Au plus haut degré des substances séparées, au contraire, se trouve Dieu[1]. En lui, il n’y a plus de distinction entre l’essence et l’existence ; son essence, c’est son existence même.

Lors même que le Liber de causis et la Métaphysique d’Avicenne ne seraient pas maintes fois cités au cours des chapitres que nous venons d’analyser, l’influence du Néo-platonisme gréco-arabe n’y serait pas moins manifeste.

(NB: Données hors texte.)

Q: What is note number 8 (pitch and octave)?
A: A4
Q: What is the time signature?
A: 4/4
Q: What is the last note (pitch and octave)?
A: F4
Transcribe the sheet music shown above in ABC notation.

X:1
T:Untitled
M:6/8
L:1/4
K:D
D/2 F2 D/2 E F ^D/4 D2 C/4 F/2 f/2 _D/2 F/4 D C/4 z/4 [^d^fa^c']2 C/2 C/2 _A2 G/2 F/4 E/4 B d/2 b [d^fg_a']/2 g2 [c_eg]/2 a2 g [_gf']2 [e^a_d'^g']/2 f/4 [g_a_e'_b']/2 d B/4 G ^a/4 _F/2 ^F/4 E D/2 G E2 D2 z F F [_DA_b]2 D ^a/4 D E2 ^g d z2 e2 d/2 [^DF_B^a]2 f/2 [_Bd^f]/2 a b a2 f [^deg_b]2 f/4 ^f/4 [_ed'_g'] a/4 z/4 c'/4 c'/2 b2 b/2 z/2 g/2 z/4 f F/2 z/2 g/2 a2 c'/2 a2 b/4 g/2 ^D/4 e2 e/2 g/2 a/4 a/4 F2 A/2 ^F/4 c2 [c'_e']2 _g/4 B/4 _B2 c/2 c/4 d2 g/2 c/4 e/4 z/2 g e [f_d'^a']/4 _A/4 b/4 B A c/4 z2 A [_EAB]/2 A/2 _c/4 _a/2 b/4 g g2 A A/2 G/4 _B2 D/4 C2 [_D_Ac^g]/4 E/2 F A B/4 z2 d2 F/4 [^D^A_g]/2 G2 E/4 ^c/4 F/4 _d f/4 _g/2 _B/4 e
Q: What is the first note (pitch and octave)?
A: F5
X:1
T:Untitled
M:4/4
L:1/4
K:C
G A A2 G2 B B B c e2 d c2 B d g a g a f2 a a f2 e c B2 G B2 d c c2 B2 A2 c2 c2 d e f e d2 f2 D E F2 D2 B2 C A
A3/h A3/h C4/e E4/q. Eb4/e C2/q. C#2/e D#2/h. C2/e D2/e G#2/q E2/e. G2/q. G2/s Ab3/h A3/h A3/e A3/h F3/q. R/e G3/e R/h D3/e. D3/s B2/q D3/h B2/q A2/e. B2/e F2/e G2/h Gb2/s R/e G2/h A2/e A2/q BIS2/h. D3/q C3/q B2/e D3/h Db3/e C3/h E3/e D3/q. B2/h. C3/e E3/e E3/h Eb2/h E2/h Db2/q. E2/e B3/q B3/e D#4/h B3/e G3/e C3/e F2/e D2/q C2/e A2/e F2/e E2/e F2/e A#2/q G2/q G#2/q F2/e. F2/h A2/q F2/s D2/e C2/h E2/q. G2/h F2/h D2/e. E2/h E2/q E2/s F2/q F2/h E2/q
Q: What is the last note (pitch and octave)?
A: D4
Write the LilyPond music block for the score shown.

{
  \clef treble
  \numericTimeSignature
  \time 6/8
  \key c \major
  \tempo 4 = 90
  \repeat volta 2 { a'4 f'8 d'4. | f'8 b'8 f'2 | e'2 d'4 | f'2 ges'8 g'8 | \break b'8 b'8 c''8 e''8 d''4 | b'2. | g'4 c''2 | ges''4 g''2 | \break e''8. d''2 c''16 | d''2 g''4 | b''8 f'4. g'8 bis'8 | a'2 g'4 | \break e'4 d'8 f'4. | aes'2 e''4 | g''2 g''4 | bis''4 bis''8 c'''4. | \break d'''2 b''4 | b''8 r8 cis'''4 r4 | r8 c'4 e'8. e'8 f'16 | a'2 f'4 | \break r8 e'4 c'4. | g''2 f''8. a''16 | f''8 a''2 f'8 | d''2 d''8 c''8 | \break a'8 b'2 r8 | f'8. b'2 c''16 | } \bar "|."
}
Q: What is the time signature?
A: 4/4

Bien que l’autorité d Averroès s’y trouve souvent invoquée, nous ne reconnaissons point du tout, en ces pages, le Péripatétisme rigide du Commentateur ; ce que Thomas d’Aquin lui a emprunté, ce sont les pensées qu’en son commentaire au Περὶ ψυχῆς, il avait lui-même tirées du Livre de causes. Ce sont encore les idées néo-platoniciennes qui exercent, sur l’esprit de Saint Thomas, le plus d’empire. Déjà, cependant, il se montre plus fidèle qu Albert le Grand à garder les enseignements d’Aristote ; il ne consent pas, comme son maître, à chercher en l’intellectus possibilis le principe d’individuation capable de distinguer les unes des autres les diverses âmes humaines ; il s’en tient rigoureusement à cette affirmation : La matière, et la matière seule, permet la subdivision d’une même espèce en individus multiples : « Pour les substances séparées, ou ne saurait trouver des individus multiples au sein d’une même espèce. Il n’y a d’exception que pour l’âme humaine, à cause du corps auquel elle est unie. D’ailleurs, bien que son individuation, par son commencement, dépende du corps d’une manière accidentelle, car elle ne peut acquérir l’existence individuelle que dans le corps dont elle est l’acte, il n’en résulte pas nécessairement que cette individuation périsse lorsque le corps est détruit. L’âme, en effet, a une existence indépendante du corps (esse absolutum) ; du moment donc qu’elle a reçu une existence individuelle par le fait qu’elle est devenue la forme de tel corps, son existence demeurera toujours individualisée. »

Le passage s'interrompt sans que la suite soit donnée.